Compare this to NCAA Division I men’s basketball.  There are currently 345 teams, also organized into conferences (32 this year).  A typical NCAA basketball team plays approximately 30 regular season games, with about half of them against non-conference foes.  In fact, many top teams schedule at least a half-dozen non-conference games against other top-50 teams.  With such a large number of non-conference games available as evidence, and a post-season tournament that includes 68 teams, it is not difficult at all for a national consensus polling system to precisely select all of the top 25 teams for the tournament.  In other words, even if two experts disagree on nearly every pick for the top 25, it’s virtually certain that all of their picks will have a chance to earn the national championship on the court.  I am not saying the NCAA Division I basketball tournament selection process is flawless, nor am I saying that the FBS needs to have a 32- or 64-team playoff - I am merely pointing out that the expert polling system is a viable option for identifying top basketball teams, but not a good system for football because of the significant differences in how the regular seasons are set up.


Saturday, August 4, 2012

A short summary of the controversy

The argument about how to choose a college football national champion has been waged for decades.  At the highest level of college football (known as the Football Bowl Subdivision (FBS) since 2006, and Division I-A prior to that), a national champion has been named by some form of consensus since 1883.  Controversy has existed since at least 1925, when the Helms Foundation selected Alabama as the champion and the Dickinson System selected Dartmouth.  There have been split-champions at least 17 more times since 1925, most recently in 2003 when Louisiana State and Southern Cal shared the honors. 
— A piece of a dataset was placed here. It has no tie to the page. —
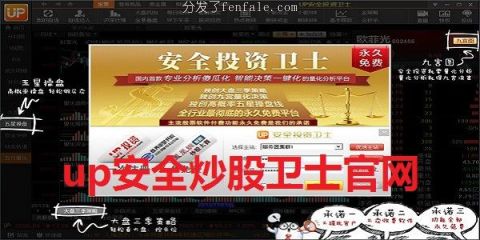 (长江期货交易软件下载) 长江期货期货手机官网软件下载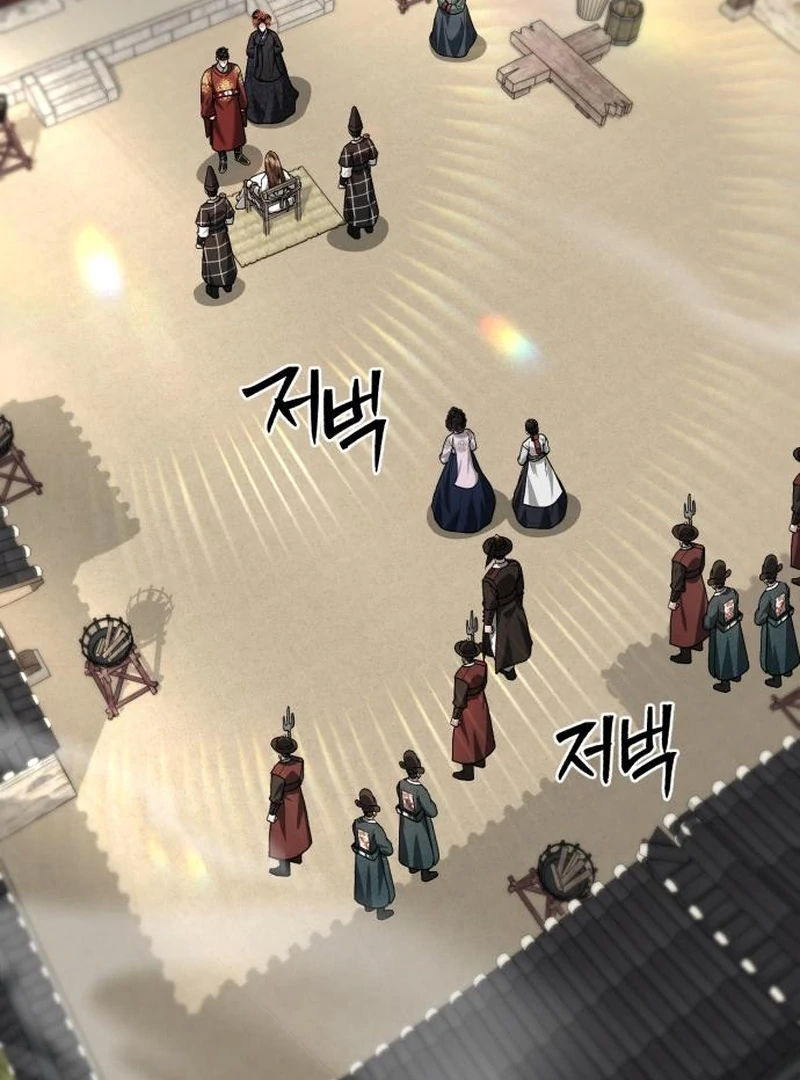 Read Surviving As The Tyrant’s Chef chapter 21 image 3 on Lezhin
Examples of other ambiguous championships include 1947, when the AP first selected 9-0 Notre Dame prior to the bowl season, and then reversed itself after bowl season to select 10-0 Michigan after they won the Rose Bowl (compared to Notre Dame which did not participate in bowl games at the time).  In 1975, Arizona St finished 12-0, defeating Nebraska in the Fiesta Bowl, but finished second in the national championship to 11-1 Oklahoma.  In 1977, five teams finished the bowl season with 11-1 records.  Alabama fans cried foul when their previously ranked #3 team, and easy winner of the Sugar Bowl, was leap-frogged by the regular season #5 team Notre Dame, which had handily beaten #1 Texas in the Cotton Bowl.  A similar situation occurred in 1983 when #5 Miami beat # 1 Nebraska in the Orange Bowl, jumping over #3 Auburn, which won the Sugar Bowl.  The Division I-A national championship is littered with multiple other controversies during the 20th century.

Why does such a long history of controversy exist?  There are many contributing factors, but the primary reason is that the FBS is the only NCAA-sponsored sport without an organized tournament to determine its champion.  In 1998, after 9 consecutive years of disputes in which one conference after another felt they were cheated out of a national champion because of the existing bowl agreements, the Bowl Championship Series (BCS) was born.  The BCS was supposed to end all controversy by finally giving the top two teams an opportunity to play each other in a final game of the year.  Unfortunately for the architects of the BCS system, they did not anticipate the difficulty involved in determining which teams were the top two, so the controversy has continued.  Examples include the 2006 season, when Boise St completed the regular season 12-0 and was not invited to play the only other undefeated team Ohio St, and the 2008 season, when 12-1 Florida defeated 12-1 Oklahoma, but undefeated Utah was not deemed worthy to play either team.